Imagine being an airline mechanic. You're accustomed to waiting for planes to roll into the hangar to be fixed. One day, someone tells you that from now on, you're going to have to maintain the planes while they're in the air. That's what Microsoft is facing. For most of its life, it rolled the Windows and Office planes into the hangar and retooled them. Now it needs to write software that can be maintained more easily on the fly. Once you turn on a service, like an online word processor, "it's on forever," one former Microsoftie says. "It doesn't ever go off. So when you add features or want to fix something, you have to do it while it's running. It changes your mindset in terms of what's possible and what's impossible."

- Fred Vogelstein (no artigo "Rebuilding MS", p/ a Wired)


A figura central do artigo é Ray Ozzie, o inventor do Notes que está há 18 meses na MS. É o 'substituto' do Bill. O cara não precisava provar mais nada, mas topou encarar um dos dois maiores desafios gerenciais do século XXI: reconstruir a MS. (A outra luta inglória é a salvação do duo GM/Ford). Faço minhas as palavras do Cory Doctorow, do Boing Boing:

I know tons of really excellent 'Softies, solid nerds who do great work that they believe in. What's weird to me is how the collective output of all that great work by great people produces such lousy outcomes -- DRM-crippled OSes like Vista, stupid products like the Zune, grotendously complex apps like Office, and promising research projects that go nowhere, security holes that you can drive a truck through, and a browser that is more broken business-strategy than utility software...

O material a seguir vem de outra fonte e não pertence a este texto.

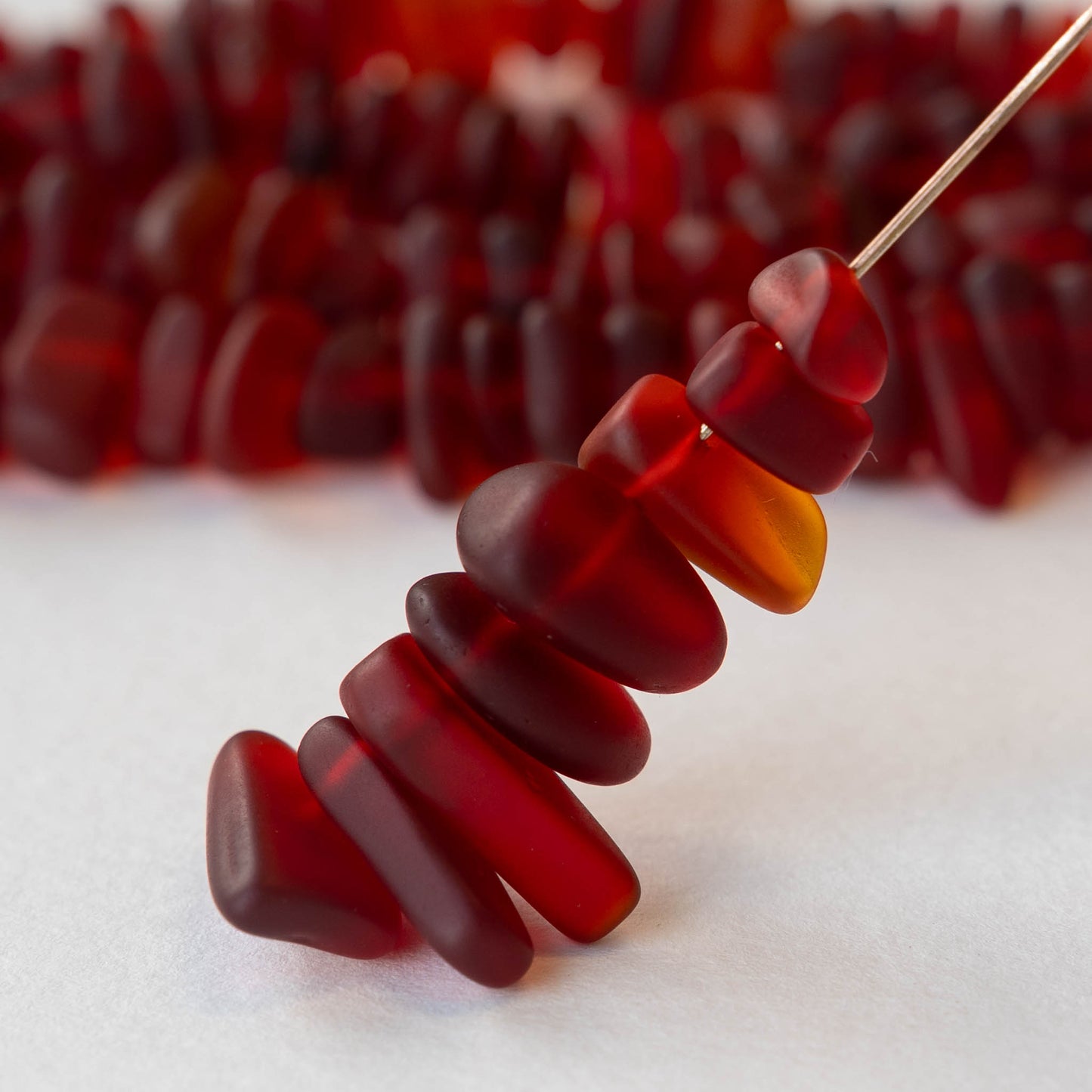 Frosted Glass Pebbles - Red - 50 Beads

Not to mention the naked jockeying to turn open standards into proprietary products, the blind worship of software patents (even as they're being shredded by them), the convulsive distaste for open source (years after David Stutz's blazing resignation letter in which he told the company exactly how to respond to open source) -- it's this kind of weird alchemy that turns great people doing great work into a kind of fumbling evil.

I sure hope Ray can do something for them -- if only for the sake of my friends in Redmond. It can't possibly be good for your soul to work hard and have nothing good come of it.